Nous avons aujourd’hui besoin, et particulièrement nos jeunes, de cette vertu de force qui permet de supporter les petits inconvénients d’une vie intégralement fidèle à la Tradition catholique, de maintenir la droite ligne de la foi, de ne pas transiger avec ce qui ne lui convient pas, même si cette « intransigeance » est parfois un peu difficile personnellement, familialement, amicalement, professionnellement.
Si la vertu de force nous est absolument nécessaire pour persévérer dans une vie chrétienne totalement fidèle à la Tradition, pour en supporter les petites incommodités et la relative monotonie, nous allons également en avoir besoin prochainement pour affronter l’événement ecclésial qui commence à se profiler.
Comme je le disais en commençant, le 30 juin 1988, Monseigneur Lefebvre réalisait « l’opération-survie » de la Tradition catholique en sacrant quatre évêques auxiliaires. Ces évêques, qui étaient assez jeunes à l’époque, le sont évidemment moins trente-six ans plus tard. La situation ecclésiale ne s’étant pas améliorée depuis 1988, il s’avère nécessaire de songer à leur donner des aides, qui deviendront un jour leurs remplaçants.
Lorsqu’une telle décision sera annoncée par le Supérieur général, il faut s’attendre à un déchaînement médiatique contre les « intégristes », les « rebelles », les « schismatiques », les « désobéissants », j’en passe et des meilleures. A ce moment, nous aurons à affronter les contradictions, les injures, les mépris, les rejets, peut-être même des ruptures avec des personnes proches.

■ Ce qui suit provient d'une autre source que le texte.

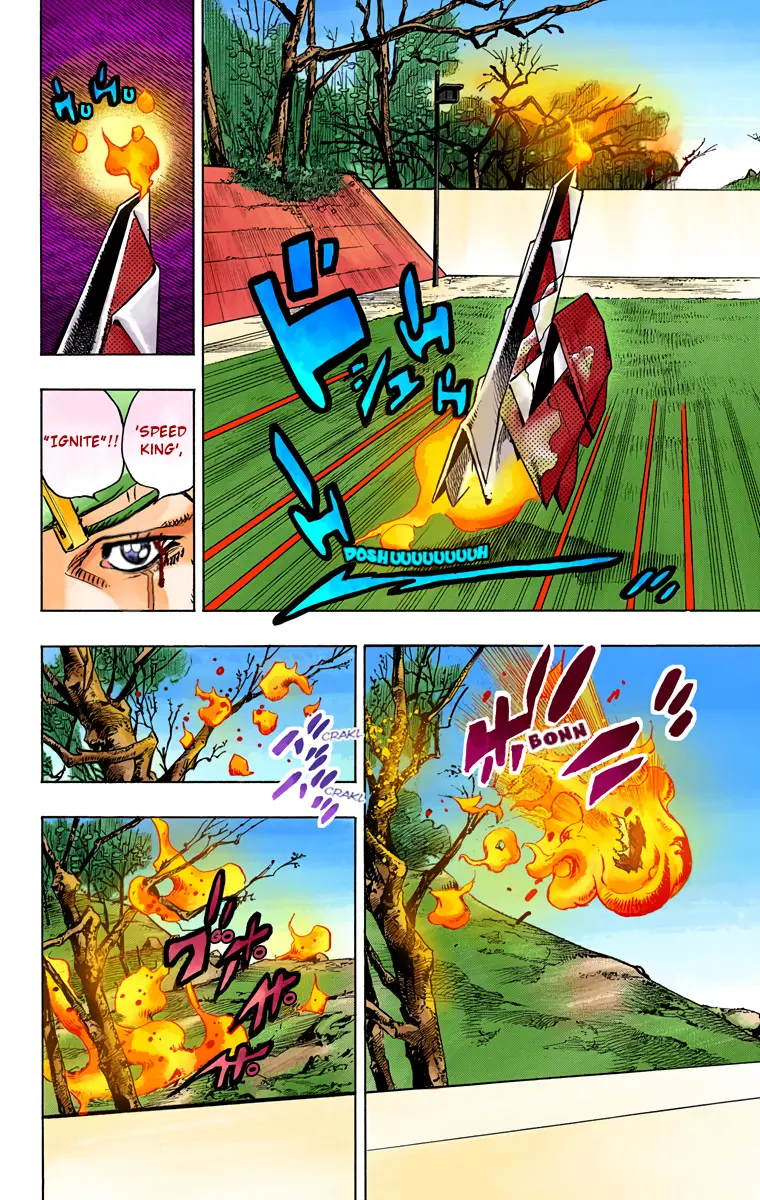 JoJo's Bizarre Adventure, Part 8: JoJolion Colored Manga — Chapter 74 — Page 13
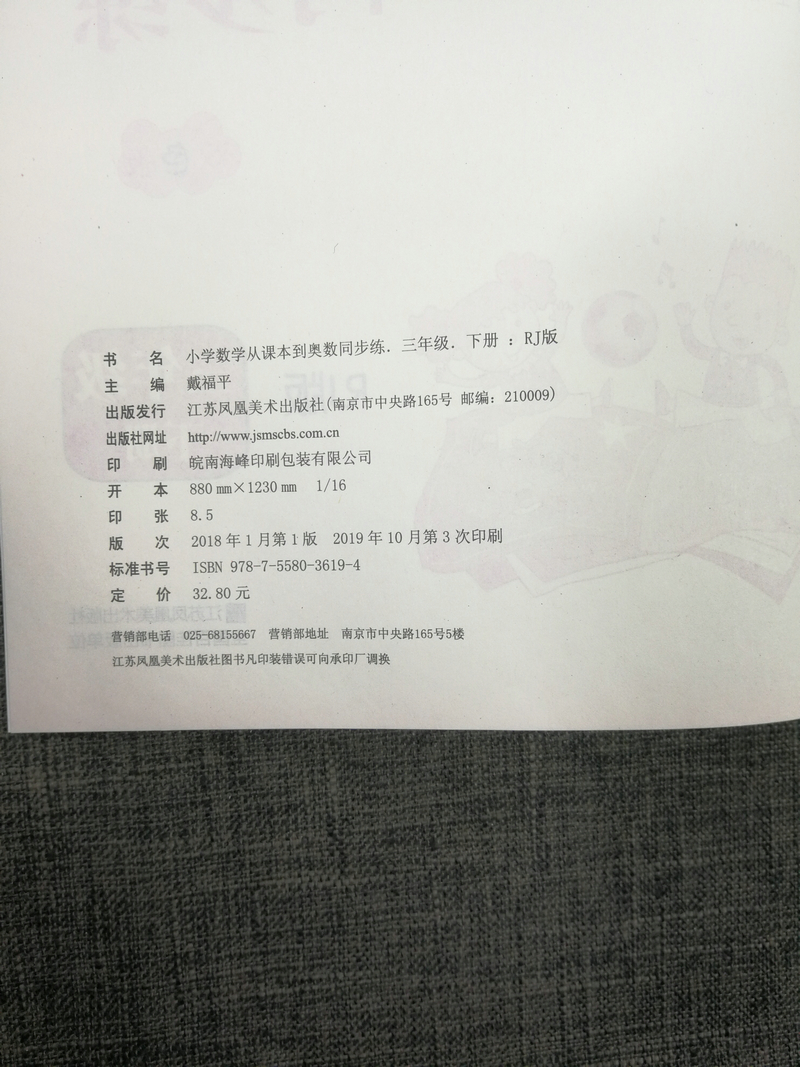 人教版!2020年新版超能学典小学数学从课本到奥数同步练3年级三年级下册RJ版奥赛教材书举一反三奥林匹克辅导书小学生数学思维训练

La vertu de force nous sera très nécessaire en cette occasion cruciale, et nous devrons, les uns et les autres, manifester grâce à elle notre fidélité absolue à la foi catholique intègre, à la véritable Tradition de l’Église, à Notre Seigneur Jésus-Christ Roi des personnes, des familles et des sociétés, et aussi à la Fraternité Saint-Pie X, arche de salut suscitée par la Providence au milieu du déluge qui menace d’engloutir l’Église et la civilisation.